Just to clear the ear – the investment of G20 countries and international banks in the development of fossil fuels in the last three years has been two and a half times more than the amount spent on the development of renewable energies. Under the convoluted words of the new climate agreement, it is doubtful whether we will see any change on the ground.
A show by lobbyists for the fossil fuel industry
While outside the conference there were continuous demonstrations over two weeks, in its territory the stakeholders worked hard. More than 20 countries have issued entry permits as part of their mission to the gas, oil and coal industry lobbyists, thus making representatives of the industry the conference was to challenge – the largest delegation at the conference, more than any country around the globe.

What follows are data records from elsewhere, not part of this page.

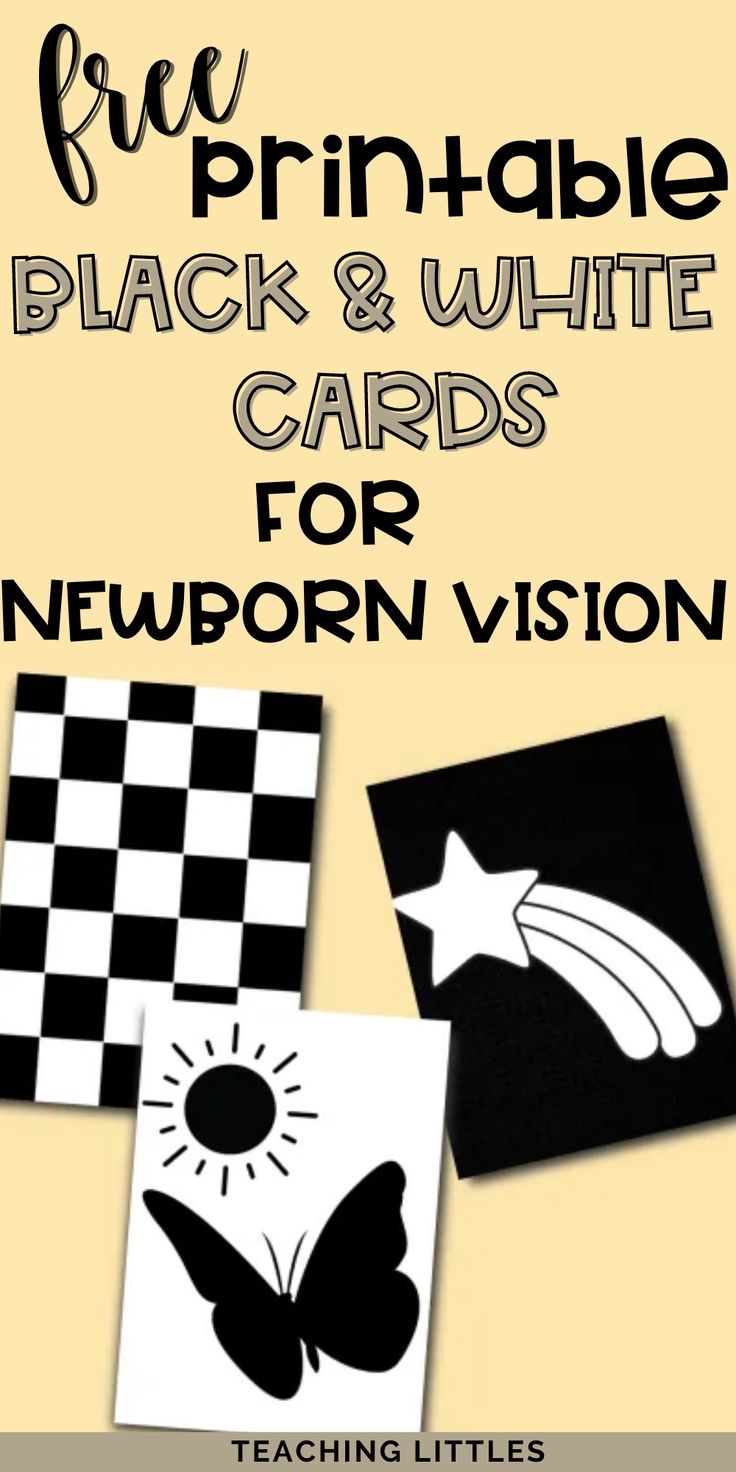 Free Printable Black White Cards For Newborn Vision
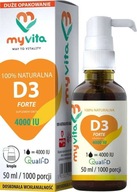 Vitamín D3 D-3 Tekuté forte 4000 IU 50 ml kvapky 1000 porcií MyVita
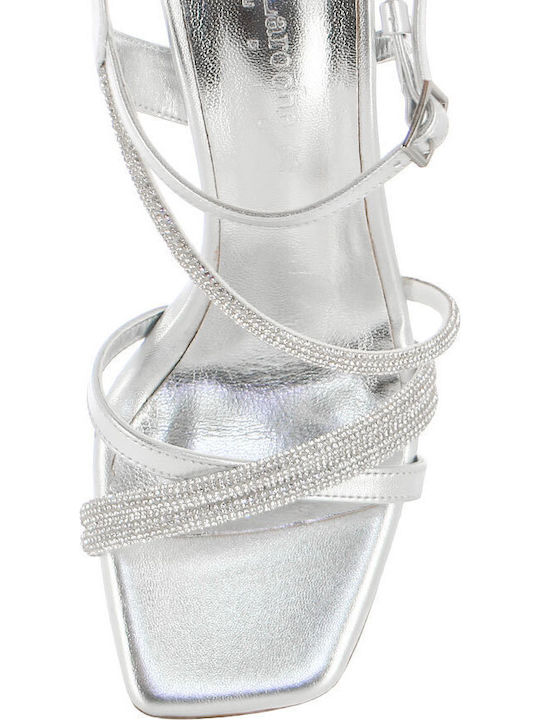 Leather Silver Sandals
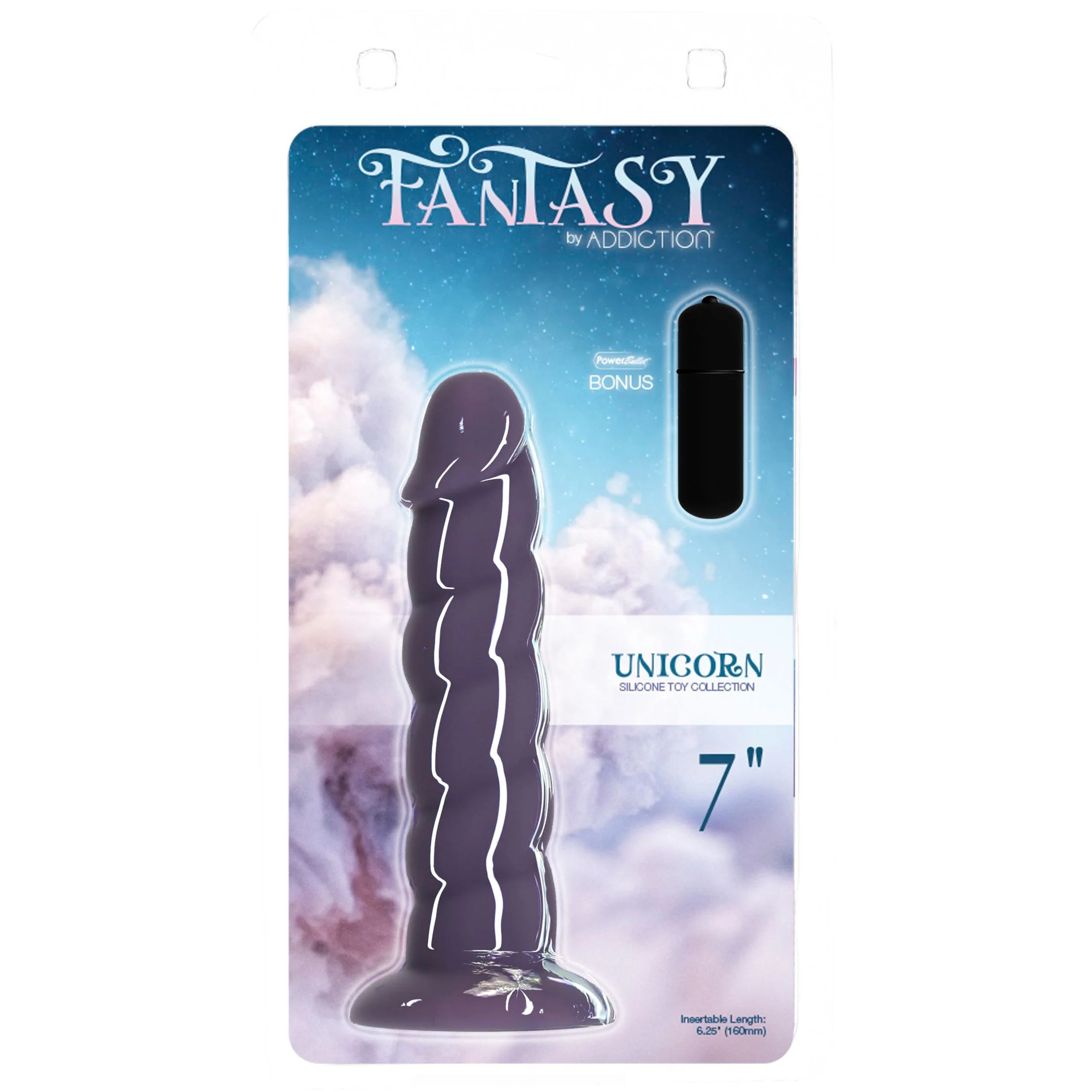 Addiction โ Fantasy Unicorn Dildo 18 cm โ Paars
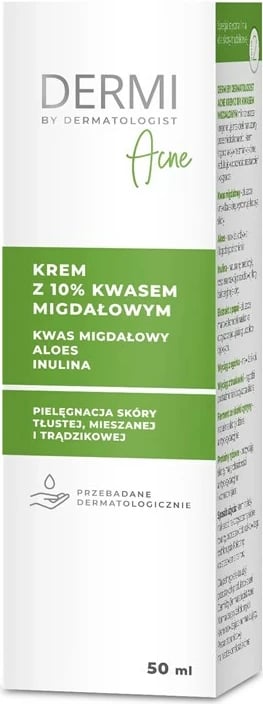 Krem për akne MEDICINAE DERMIAcne, 10% acid mandelik, 50ml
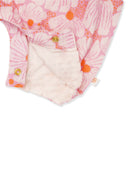 Greendigo Organic Cotton Pack of 1 Romper for Newborn Baby Girls - Pink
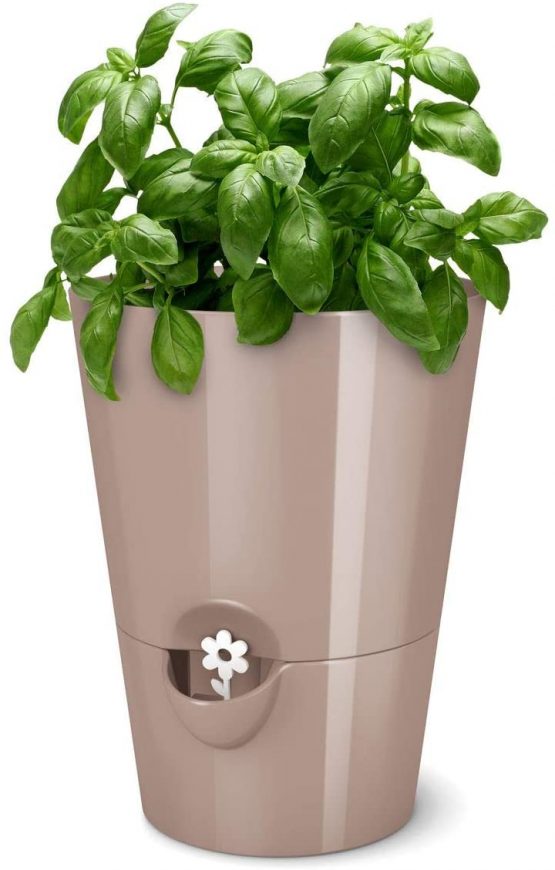 Emsa Fresh Herbs M5250200 Self-Watering Herb Pot Sepia Rose - Image 2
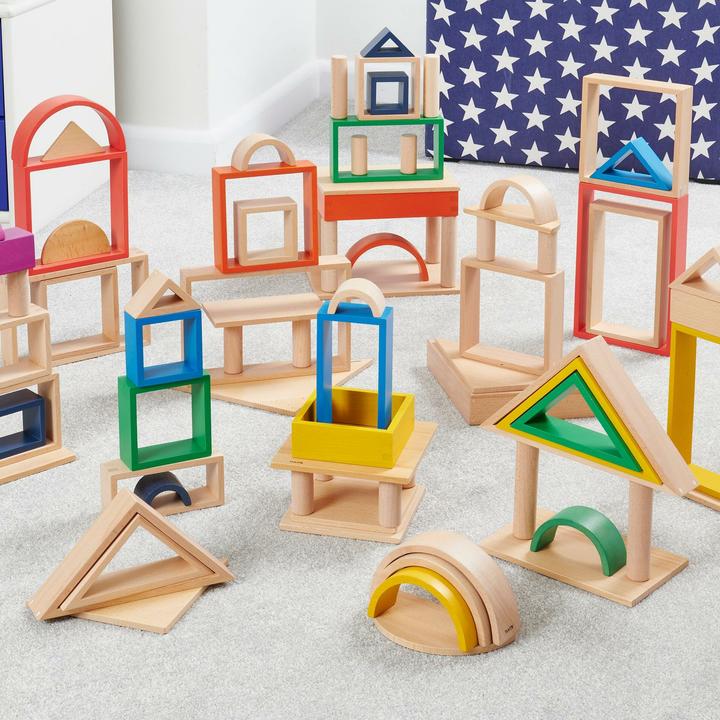 Image du produit TickiT Ensemble de 40 colonnes en bois rondes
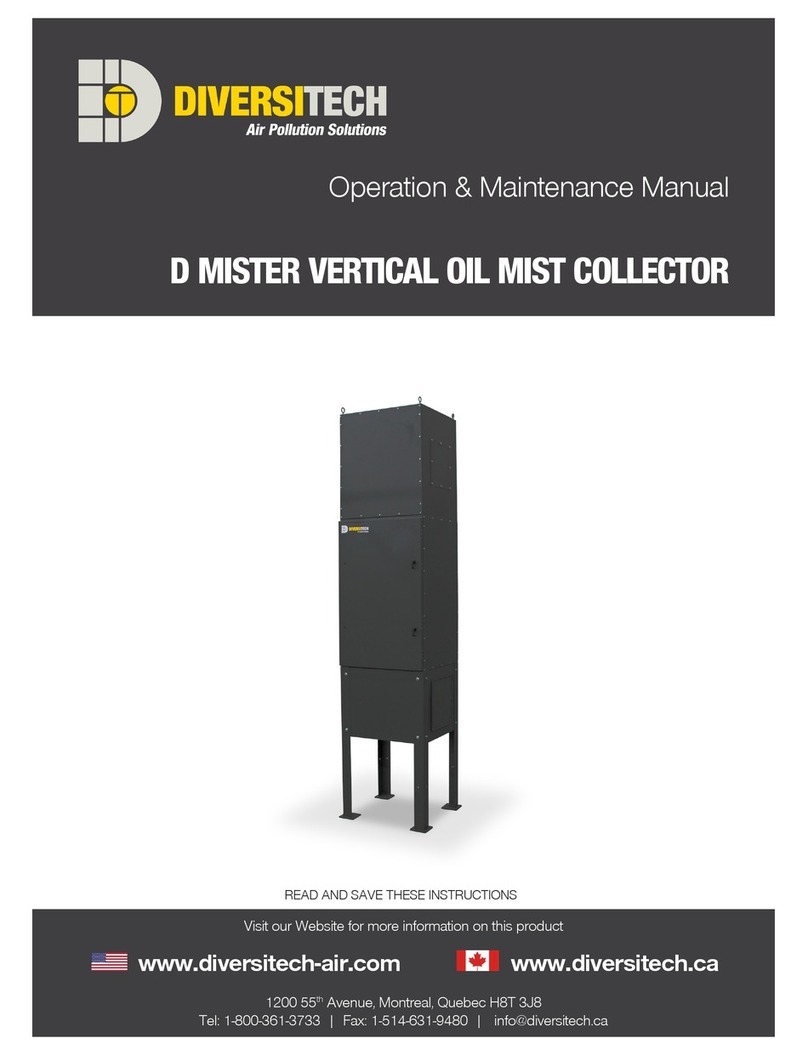 DIVERSITECH D MISTER Operation & maintenance manual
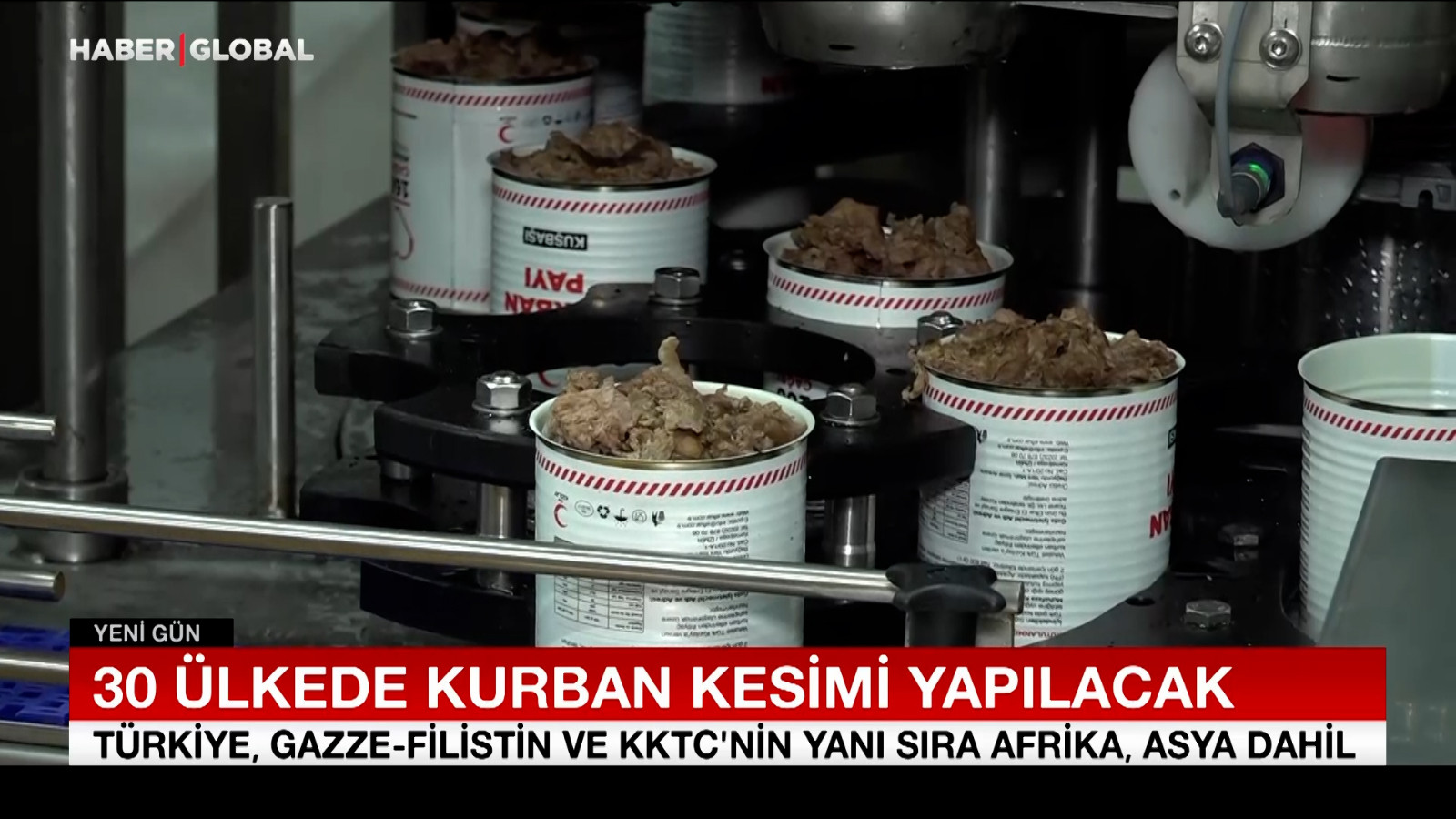 30 ülkede kurban kesimi yapılacak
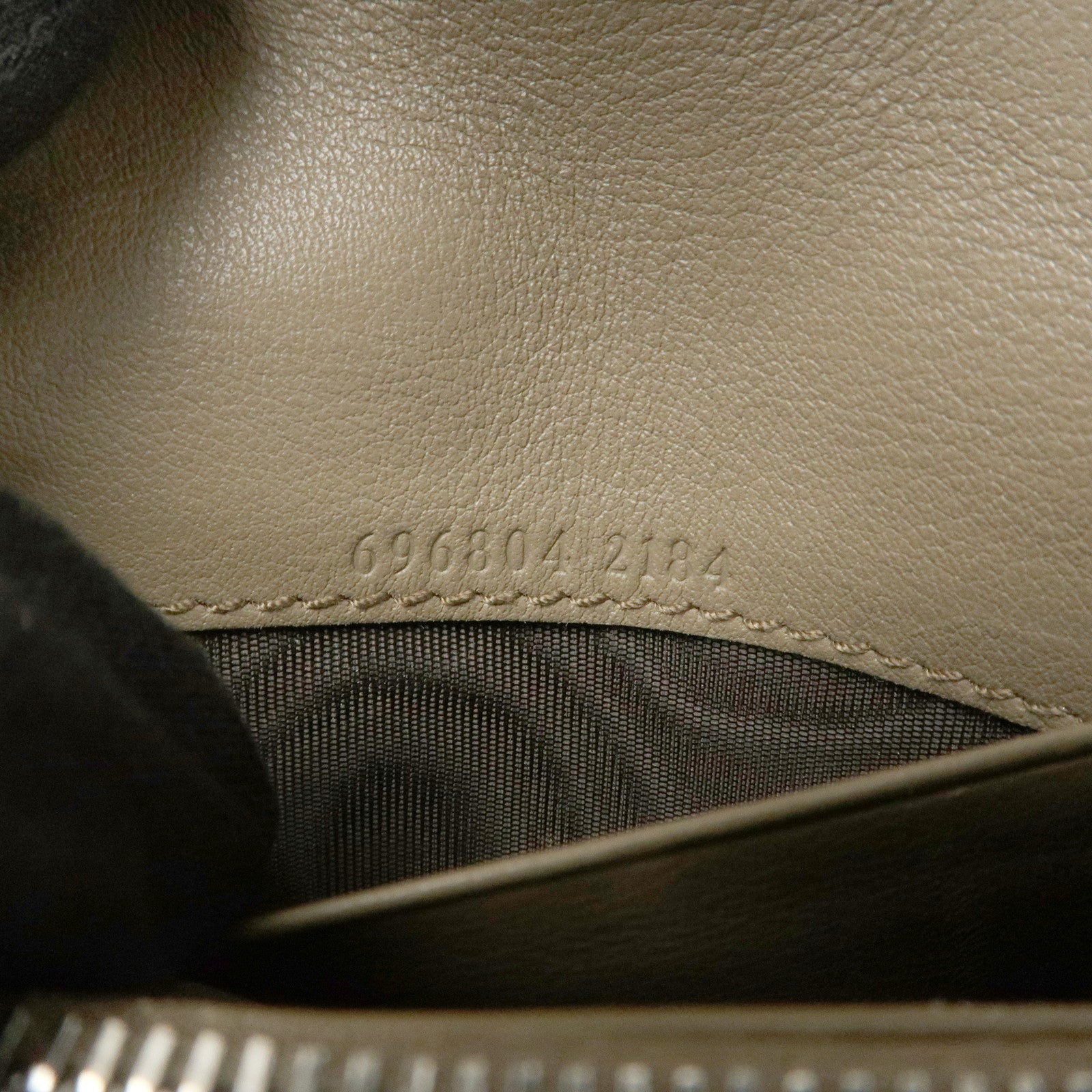 GUCCI Dionysus GG Supreme Mini Wallet Coin Case Beige 696804 Used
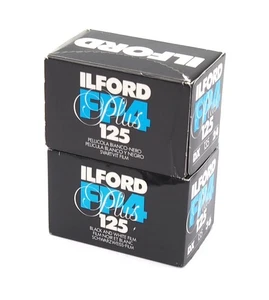 2x Ilford FP4 Plus 125 36 Belichtungen Kleinbildfilm - abgelaufen 2001 - Bild 1 von 3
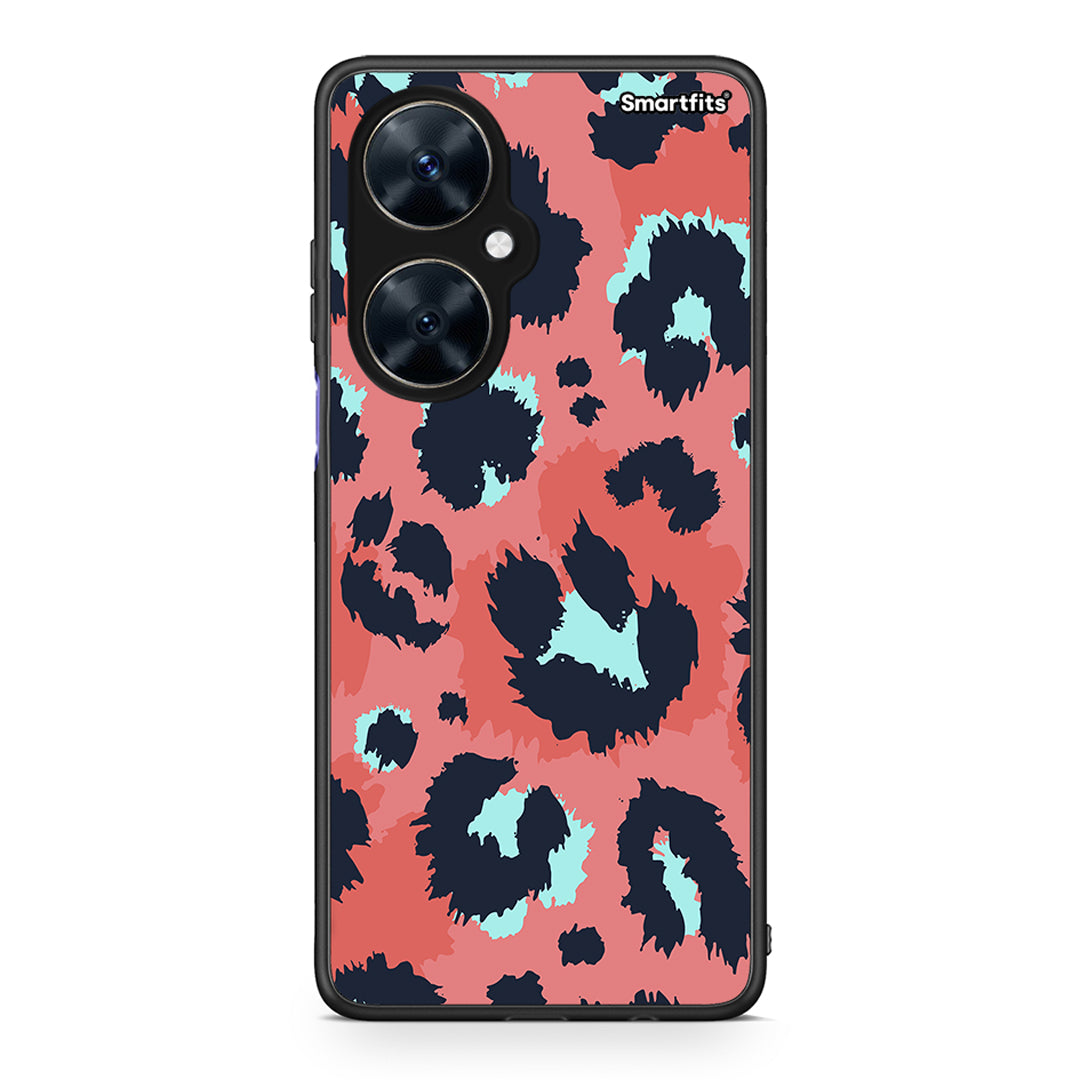 22 - Huawei Nova 11i Pink Leopard Animal case, cover, bumper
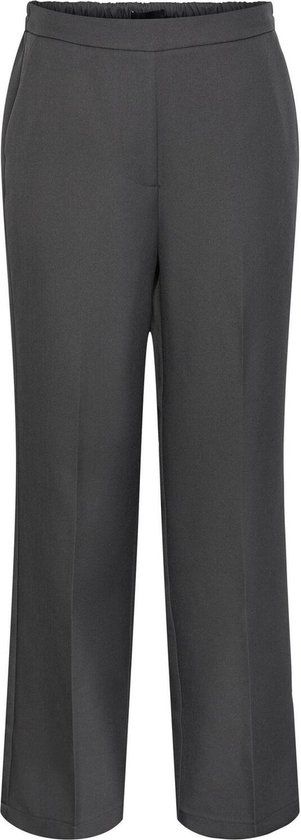 PIECES PCNEVA HW WIDE PANTS NOOS - Grijs - Maat W26 X L32
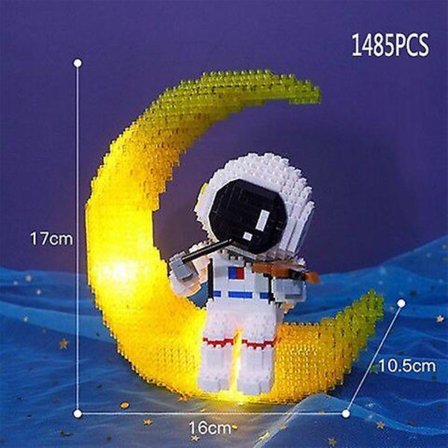 DIY Mini Mikro Raket Byggeklodser Rum Måne Satellit Astronaut Diamant Klodser Konstruktør Legetøj Til Børn Gaver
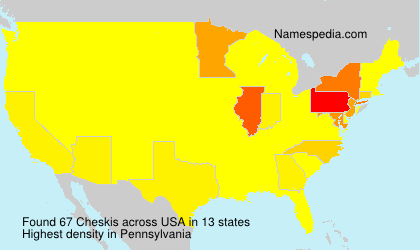 Surname Cheskis in USA Surname Cheskis in USA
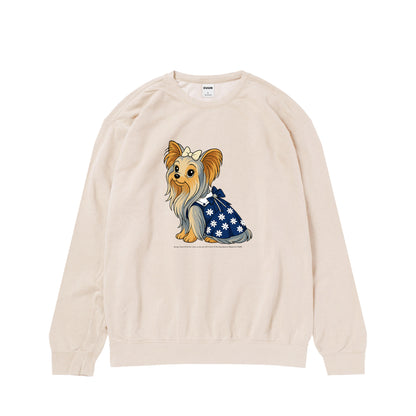 【期間限定】CUUN Jun 2014 ガーメントダイライトウェイトクルーネックスウェットシャツ ivory image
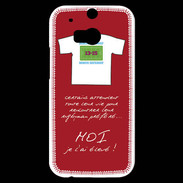 Coque HTC One M8s Moi je l'ai élevé Bonus offensif-défensif Rouge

More than 500 fossil industry lobbyists have fought for ‘business as usual’ for their industry, facing politicians who often receive generous donations.
For example, just before the conference opened, it was revealed that members of the British Conservative Party – led by Prime Minister Boris Johnson – had received donations of £ 1.3 million since 2019 from stakeholders in the fossil fuel industry and climate suppliers.
After Johnson finished his moving speech at the opening of the conference and even ‘stole’ Greta Tonberg’s words in his request to the leaders to avoid a climatic catastrophe and not settle for ‘blah, blah, blah’, he hurried to catch a private flight back to London, just 4 hours by train, to Have dinner at a closed men’s club with a former editor of the Daily Telegraph, who in turn denied the climate crisis.
At the end of the conference, despite the disappointment, domestic pressure in the various countries will not stop – and may even motivate bottom-up processes and force politicians into action. “The conference ended with the efforts of tens of thousands of people evaporating and the hope of millions fading. The truth? A sense of depression,” concludes Shira Liberty, director of climate at the Society for the Protection of Nature, who attended the conference. “Now we need to take a deep breath and return to reality. The people who created the crisis will probably not be the ones to fix it. The responsibility is on us.”